When Hirsch refers to the church buildings in his book, I believe he is conferring the ‘ fortress mentality’ onto a recognizable structure and not criticizing the bricks of the cathedral. The fortress mentality arose in the period of Christendom where the chief organizing principle for believers was the church. It lay at the core of the social structure of the believers life and by necessity, as it was tied to its foundation, it was attractional. If you were not attracted to the principles of the church, you found yourself outside of the fortress walls. Hirsch correctly points out that with a few exceptions, this organizational model doesn’t work in the modern world.

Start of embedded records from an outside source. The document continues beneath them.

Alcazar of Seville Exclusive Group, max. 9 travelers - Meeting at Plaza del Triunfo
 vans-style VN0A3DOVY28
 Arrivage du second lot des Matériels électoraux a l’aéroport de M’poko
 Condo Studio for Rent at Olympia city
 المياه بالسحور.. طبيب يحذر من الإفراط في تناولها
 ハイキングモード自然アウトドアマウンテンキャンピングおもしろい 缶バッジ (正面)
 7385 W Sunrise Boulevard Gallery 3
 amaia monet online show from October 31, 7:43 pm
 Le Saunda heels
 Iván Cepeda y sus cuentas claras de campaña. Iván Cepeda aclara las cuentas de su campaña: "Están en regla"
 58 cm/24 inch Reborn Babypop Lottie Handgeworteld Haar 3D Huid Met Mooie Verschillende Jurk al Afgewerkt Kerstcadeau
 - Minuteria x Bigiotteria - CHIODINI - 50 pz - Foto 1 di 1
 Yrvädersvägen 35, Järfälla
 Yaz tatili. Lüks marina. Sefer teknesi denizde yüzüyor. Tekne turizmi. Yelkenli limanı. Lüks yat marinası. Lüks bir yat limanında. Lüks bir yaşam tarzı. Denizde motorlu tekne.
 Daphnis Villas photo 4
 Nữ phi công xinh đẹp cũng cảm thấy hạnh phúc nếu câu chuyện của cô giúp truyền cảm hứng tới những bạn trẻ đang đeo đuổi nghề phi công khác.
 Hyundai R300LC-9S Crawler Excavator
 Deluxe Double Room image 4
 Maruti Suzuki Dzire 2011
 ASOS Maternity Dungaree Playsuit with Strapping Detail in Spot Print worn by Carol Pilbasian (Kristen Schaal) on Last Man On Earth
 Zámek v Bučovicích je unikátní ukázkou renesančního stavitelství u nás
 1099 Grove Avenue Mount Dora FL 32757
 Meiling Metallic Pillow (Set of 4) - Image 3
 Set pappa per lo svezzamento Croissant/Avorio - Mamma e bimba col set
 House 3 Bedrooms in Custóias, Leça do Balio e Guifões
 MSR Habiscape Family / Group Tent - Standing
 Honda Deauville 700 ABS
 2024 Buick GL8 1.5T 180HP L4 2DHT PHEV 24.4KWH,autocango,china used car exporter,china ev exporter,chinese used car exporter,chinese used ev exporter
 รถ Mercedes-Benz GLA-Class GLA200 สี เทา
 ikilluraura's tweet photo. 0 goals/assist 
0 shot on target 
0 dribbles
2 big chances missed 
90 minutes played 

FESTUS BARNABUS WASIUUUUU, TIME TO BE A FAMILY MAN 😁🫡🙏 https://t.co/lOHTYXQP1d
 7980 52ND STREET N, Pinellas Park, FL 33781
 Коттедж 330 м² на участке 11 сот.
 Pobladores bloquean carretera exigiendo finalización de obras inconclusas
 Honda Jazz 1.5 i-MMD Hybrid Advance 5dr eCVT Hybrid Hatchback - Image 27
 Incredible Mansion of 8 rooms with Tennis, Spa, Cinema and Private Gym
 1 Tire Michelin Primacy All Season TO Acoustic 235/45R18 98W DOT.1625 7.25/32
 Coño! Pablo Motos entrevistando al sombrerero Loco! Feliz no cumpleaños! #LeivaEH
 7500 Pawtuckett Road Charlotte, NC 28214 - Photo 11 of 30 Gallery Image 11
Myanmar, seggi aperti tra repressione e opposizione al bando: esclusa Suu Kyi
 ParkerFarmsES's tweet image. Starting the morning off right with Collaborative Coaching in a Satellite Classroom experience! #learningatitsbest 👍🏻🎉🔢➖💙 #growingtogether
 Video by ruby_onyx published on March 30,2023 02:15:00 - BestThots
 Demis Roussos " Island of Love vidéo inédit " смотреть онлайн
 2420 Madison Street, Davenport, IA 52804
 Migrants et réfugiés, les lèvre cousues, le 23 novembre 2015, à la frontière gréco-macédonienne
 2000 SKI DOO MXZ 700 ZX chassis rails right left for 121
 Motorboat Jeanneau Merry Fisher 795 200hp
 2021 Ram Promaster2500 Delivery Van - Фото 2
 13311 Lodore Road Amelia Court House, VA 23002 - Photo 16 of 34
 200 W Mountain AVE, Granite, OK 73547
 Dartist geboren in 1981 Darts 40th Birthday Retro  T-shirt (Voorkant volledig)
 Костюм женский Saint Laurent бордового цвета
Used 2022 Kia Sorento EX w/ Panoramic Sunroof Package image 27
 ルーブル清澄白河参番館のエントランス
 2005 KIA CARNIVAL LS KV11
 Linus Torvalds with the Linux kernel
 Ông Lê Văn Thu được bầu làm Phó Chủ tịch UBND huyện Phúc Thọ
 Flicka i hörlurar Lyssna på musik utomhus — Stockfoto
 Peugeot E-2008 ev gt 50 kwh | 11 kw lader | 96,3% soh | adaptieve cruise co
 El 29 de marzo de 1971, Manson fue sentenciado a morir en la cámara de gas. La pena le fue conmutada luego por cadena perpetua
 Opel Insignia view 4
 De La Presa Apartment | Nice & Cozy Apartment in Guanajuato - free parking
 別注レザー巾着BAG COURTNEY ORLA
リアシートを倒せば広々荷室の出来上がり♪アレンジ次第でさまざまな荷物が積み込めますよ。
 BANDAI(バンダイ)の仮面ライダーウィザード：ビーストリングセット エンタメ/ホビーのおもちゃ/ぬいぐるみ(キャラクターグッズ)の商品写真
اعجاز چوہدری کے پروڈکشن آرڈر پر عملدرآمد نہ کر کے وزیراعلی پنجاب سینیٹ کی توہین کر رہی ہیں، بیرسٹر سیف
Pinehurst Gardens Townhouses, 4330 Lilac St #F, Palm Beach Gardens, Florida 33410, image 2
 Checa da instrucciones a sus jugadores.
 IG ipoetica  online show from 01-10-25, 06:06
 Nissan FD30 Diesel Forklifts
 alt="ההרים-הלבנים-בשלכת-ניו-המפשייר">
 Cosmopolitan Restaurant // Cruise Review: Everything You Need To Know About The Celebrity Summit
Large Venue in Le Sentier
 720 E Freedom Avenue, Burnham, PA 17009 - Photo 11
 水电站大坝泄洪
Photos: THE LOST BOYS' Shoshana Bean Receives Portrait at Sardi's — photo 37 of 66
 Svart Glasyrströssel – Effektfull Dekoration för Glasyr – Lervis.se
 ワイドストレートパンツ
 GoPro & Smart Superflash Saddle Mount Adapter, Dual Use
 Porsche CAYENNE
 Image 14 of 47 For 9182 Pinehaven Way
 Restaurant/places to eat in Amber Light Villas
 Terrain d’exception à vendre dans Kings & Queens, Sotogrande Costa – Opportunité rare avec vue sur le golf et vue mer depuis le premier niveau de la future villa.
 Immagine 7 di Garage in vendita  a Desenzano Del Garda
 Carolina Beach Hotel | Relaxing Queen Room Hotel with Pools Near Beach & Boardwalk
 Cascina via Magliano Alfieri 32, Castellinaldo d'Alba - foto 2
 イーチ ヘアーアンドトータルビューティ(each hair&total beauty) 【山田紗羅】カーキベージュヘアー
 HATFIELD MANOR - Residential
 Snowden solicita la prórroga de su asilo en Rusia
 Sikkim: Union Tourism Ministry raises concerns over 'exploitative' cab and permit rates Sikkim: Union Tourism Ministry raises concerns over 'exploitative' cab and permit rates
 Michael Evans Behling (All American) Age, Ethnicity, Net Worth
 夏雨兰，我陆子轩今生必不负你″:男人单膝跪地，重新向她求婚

It might be overlooked by the casual reader but the Stark quote that Hirsch employs to help explain the inverse shape of the missional movement is genius. From Stark’s For the Glory of God, he quotes:
Far too long, historians have accepted the claim that the conversion of the Emperor Constantine caused the triumph of Christianity. To the contrary, he destroyed its most attractive and dynamic aspects, turning a high-intensity, grassroots movement into an arrogant institution controlled by an elite who often managed to be both brutal and lax.
The return to the grassroots, high intensity community of faith is at the heart of the missional church. Rather than reliance upon the old attractional models of the fixed cathedral, the faith of mission grows legs and takes it to the very tribes that each congregation is most attuned to reaching.